Frei Betto
A Páscoa é a principal festa das
Igrejas cristãs: celebra a ressurreição de Jesus. Em sua origem, a grande festa
judaica comemora a libertação dos hebreus da escravidão no Egito, em 1250 a.C.,
sob o reinado do faraó Ramsés II. Curioso é que, ao contrário das religiões
persas e mesopotâmicas, babilônicas e gregas, o judaísmo e o cristianismo não
celebram mitos, e sim fatos históricos.
Malgrado as obras de Feuerbach e
Renan e, posteriormente, o rasteiro ateísmo estalinista, hoje nenhum historiador
de respeito nega a existência histórica de Jesus, atestada por historiadores
não cristãos que lhe foram contemporâneos, como Flávio Josefo e Tácito.
Aliás, há mais documentos
científicos sobre a existência de Jesus que de Sócrates, que só conhecemos via
Platão. O que ultrapassa a historiografia é a crença em sua ressurreição, que
pertence à esfera da fé.
Os evangelhos registram a presença
de Jesus em Jerusalém por ocasião das festas pascais. Foi numa delas, a do ano
30, que ele, preso por blasfêmia e subversão, recebeu a pena capital e morreu
crucificado. Tinha 36 ou 37 anos de idade, pois hoje sabemos que o monge
Dionísio, o Pequeno, se equivocou, no século VI, ao calcular o início de nossa
era. Dionísio não conhecia o zero e está comprovado que Jesus já havia
nascido quando Herodes morreu, no ano 4 antes de nossa era.

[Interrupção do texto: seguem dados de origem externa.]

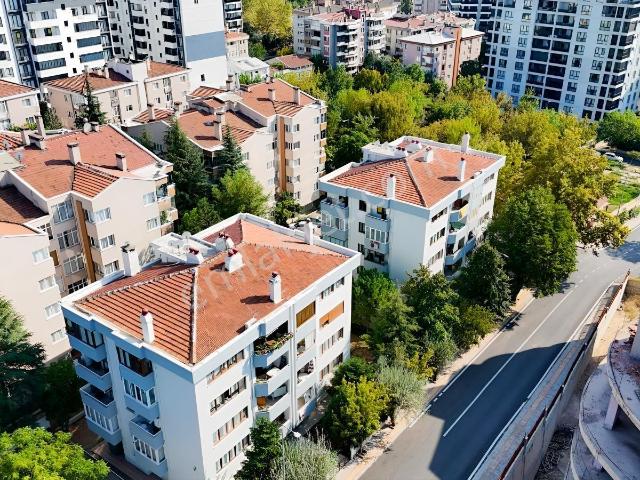 Esen Emlaktan Site İçi Kiracısız Vahide Aktuğa Yakın Satılık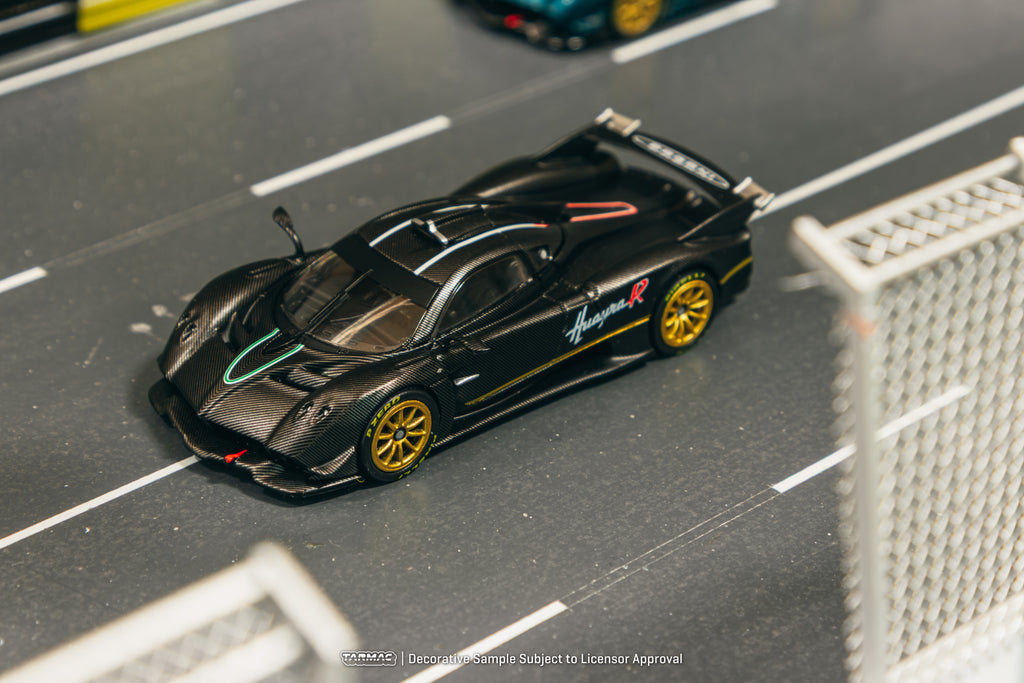 Tarmac Works 1:64 Pagani Huayra R Matt Black Carbon Fiber Limited Edition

A visão do tempo como processo
histórico marca profundamente a nossa cultura. A Bíblia herdou-a dos persas e,
assim, quebrou a circularidade grega. Três grandes pilares de nossos atuais
paradigmas o demonstram: Jesus, Marx e Freud. Todos três judeus. Para Jesus, a
nossa felicidade (salvação) decide-se por nossa capacidade de amar no terreno
da história. O Reino de Deus não é algo "lá em cima", mas sim lá na frente,
no futuro onde a história atinge a sua plenitude, em um mundo livre de
opressões, e também o seu limite, pela irrupção da presença divina entre nós.
Um dos efeitos mais nefastos do
neoliberalismo está condensado no famoso vaticínio de Fukuyama: "A
história acabou". É claro que o nipo-americano sabe muito bem que as
empresas transnacionais não pensam em deter seu ganancioso processo de
acumulação do capital e, portanto, sua história de cobiça e espoliação. O que
ele pretende sugerir é que nós, pobres mortais, devemos, como diria Dante hoje,
abandonar à porta do mercado toda esperança.
A Páscoa cristã sinaliza que,
malgrado tanta miséria e desesperança, em Cristo temos a certeza da vitória da
justiça sobre a injustiça e da vida sobre a morte. Aceitar que "a história
acabou" é cair no engodo da eternização do presente: a malhação que nos
promete eterna juventude; o apego aos bens como se fôssemos imortais; a
acumulação como se levássemos terras e tesouros para o além-túmulo; as drogas
como sucedâneo diabólico de uma geração que não aprendeu a sonhar com Jesus,
Gandhi, Luther King e Mandela.
É isto que a Igreja celebra hoje:
Cristo vive e sua vitória sobre os poderes deste mundo é a garantia de que os
sonhos brotados do coração e da fé são sementes de "um novo céu e uma nova
Terra", como prenuncia o Apocalipse. E, como diz a canção, um
sonho que muitos sonham se faz realidade.
Frei Betto é autor do romance sobre Jesus Entre todos os homens (Ática).